In 2016, Eddie is nursing a drinking problem and trying to forget his past, until one day he gets a letter containing a chalk man—the same one he and his friends saw when they found the body. Soon he learns that all his old friends received the same note. When one of them is killed, Eddie realizes that saving himself means figuring out what happened all those years ago. But digging into the past proves more dangerous than he could have known. Because in this town, everyone has secrets, no one is innocent, and some will do anything to bury the truth.
There’s no denying that C.J. Tudor is one of the authors who really came out of nowhere and simply skyrocketed when her debut novel The Chalk Man was published. It’s not only in the UK, she’s really hot and happening with the translation of this novel in Belgium and The Netherlands right now too (called De Krijtman) and I can’t turn anywhere without seeing her name or this book. She’s a name that easily comes to mind when people are discussing what they’ve read recently or still want to read.

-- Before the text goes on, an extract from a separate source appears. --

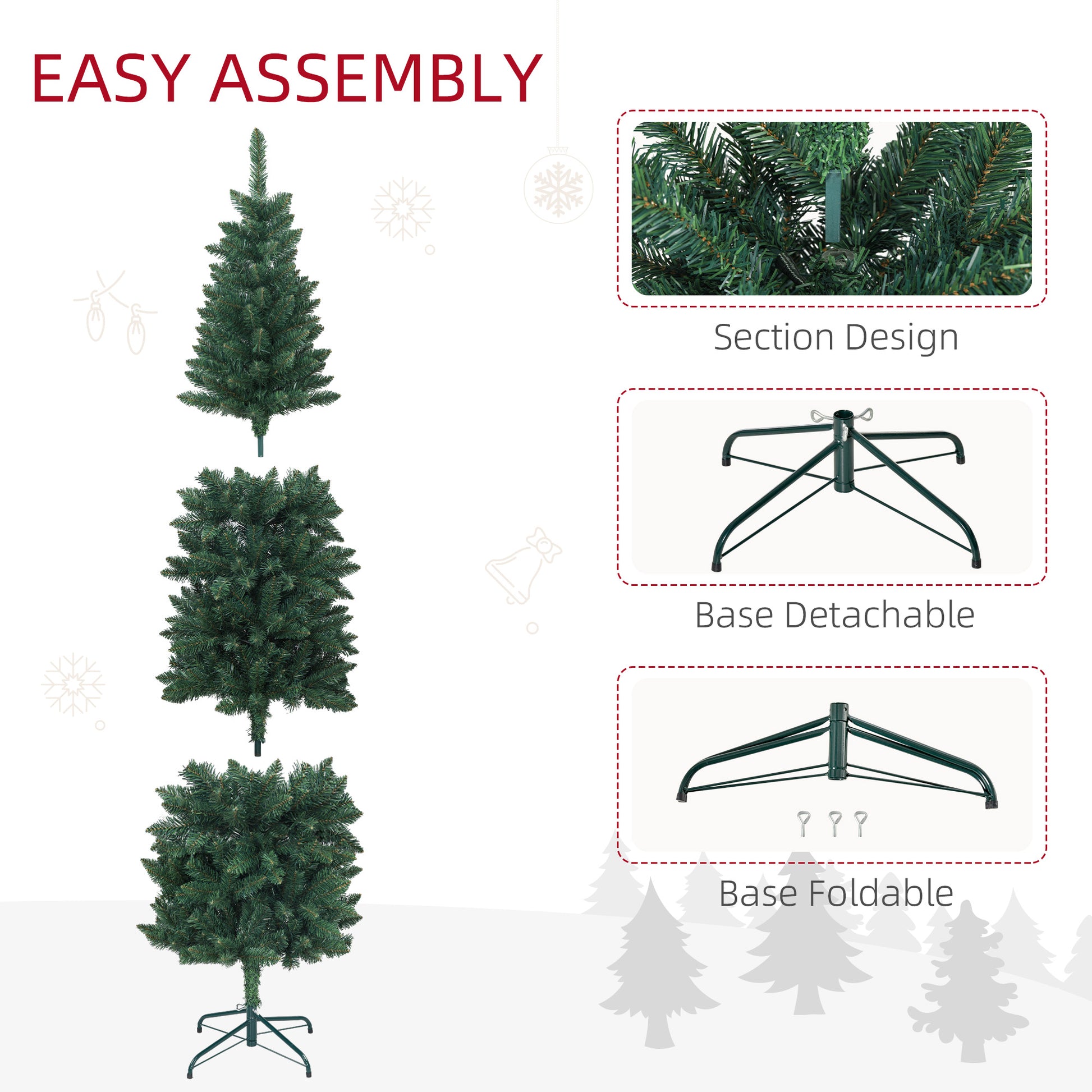 6ft Tall Pencil Artificial Christmas Tree with 479 Branch Tips with Steel Base, Green Pencil Christmas Trees   at Gallery Canada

With her third novel The Other People now underway, it was finally my signal to pick up the first one. This novel sat on my shelf for so long *hangs head* and I wish I could read faster. I admit I was a little afraid to start this hyped novel too and in all honesty, I couldn’t even remember what it was about (I read a proof copy and there was no synopsis btw), I didn’t mind going in blind though. The Chalk Man and Tudor’s other books can all be read as a standalone so I’m already planning to read the third novel next and then go back later for the second so I can at least feel as if I’ve got it all under control.
I really really enjoyed reading this novel and the author did a magnificent job both on creating the characters and the plotting of the story. In the end I might have felt that the figure of The Chalk Man wasn’t really so scary (rather tragic and sad) nor that there was constant tension in the air, but really, what’s not to like about this novel? I didn’t get bored at all and if I have time to waste, I’m quite happy to spend it reading a novel if it’s anything like The Chalk Man.
The writing was steady and both the past and present had interesting plotlines that made me want to keep on reading and stay right there for a little longer. The lives of Eddie and his friends, Metal Mickey, Fat Gav, Hoppo and Nicky made me long for years I can never have back. I might be guilty of having a really small preference for the past plotline after all. The ’80s was a time where friendships and bonds were made, of riding your bike, seeing things, doing things without realising the consequences or what they meant because they were just too young.
The past isn’t left to rest though, it is brought back to life 30 years later but it is a big mystery who doesn’t want to leave the past to rest. The author kept me at more than an arm’s length of finding out but I enjoyed the journey to the conclusion as much as the reveal itself and it wasn’t what (or who) I expected at all. She didn’t shun away from including a taboo into this novel as well and the author wrote without it being too graphic or disturbing, I even felt sympathy towards a character who was basically in the wrong. It is one of the things which made the story turn out to be a shade darker than I thought it would be, so I can’t wait to find out what else C.J. Tudor has in store.
I received a free copy of this novel from a lovely blogfriend. This is my honest opinion.